The present study had a few limitations. First, the nature of this study as a survey best informs physician perceptions and not necessarily the actual nature of sex differences in knee OA, although many trends observed in our study are supported by available literature. Second, as aforementioned, a majority of respondents were male, consistent with the demographic characteristics of the included physician specialties (especially orthopedic specialists, who are more likely to be male) in Italy. Future investigations may consider balancing the sex of survey participants to better inform perceived sex and gender differences in healthcare settings. Third, this survey was restricted to physicians in Italy and may reflect some cultural bias.

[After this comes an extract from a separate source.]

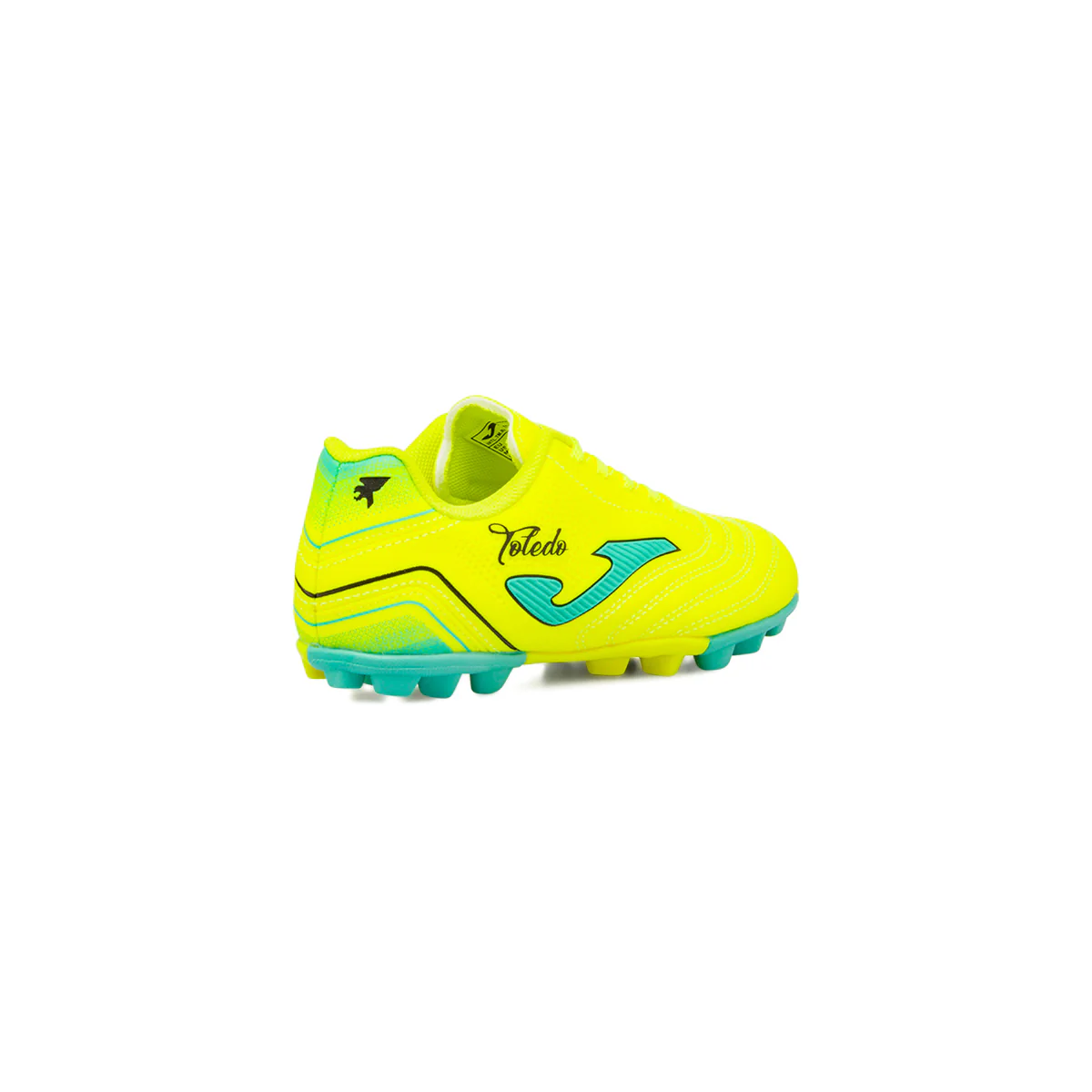 Scarpe da calcio da bambino giallo fluo con logo Joma Toledo - Image 3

A recent decree (law 3/2018 article 3) calls for the integration of gender medicine into the practices of the Italian National Health Service, but a lack of education and training among physicians nationwide represents an important obstacle to its successful implementation. Finally, it should be noted that, while sex and gender differences in knee OA have important bearing on its clinical management, they represent only one dimension of a multifactorial influence on outcome comprised of socioeconomic status, comorbidities, and other variables. Studies should consider whether disparities are due to sex or gender differences in disease incidence, disease expression or severity, or additional factors by examining a variety of inequity types. Further research is needed to better inform the influences of these factors individually and together on the management and outcomes of knee OA.

Conclusions

In conclusion, the results of our survey demonstrate that healthcare professionals perceive multiple sex and gender-related differences in patients with knee OA, especially in the pre and perioperative phases of TKA. The exact nature and significance of these differences between men and women should be better investigated with regard to differences in disease severity; clinical factors at initial presentation; physical, biochemical, and psycho-emotive characteristics; and socioeconomic as well as cultural factors. At the same time, it is necessary to evaluate bias in physician perceptions about sex and gender. In Italy [52]and worldwide, the study of gender differences and the development of gender-based medicine are considered relevant to the advancement of life sciences. Sex and gender analysis can help reveal and assess inequality and can improve actions to create institutional change to ensure greater equity Future efforts are necessary to synthesize these observations into clinically translatable sex- or gender-specific indications to improve care in patients with knee OA.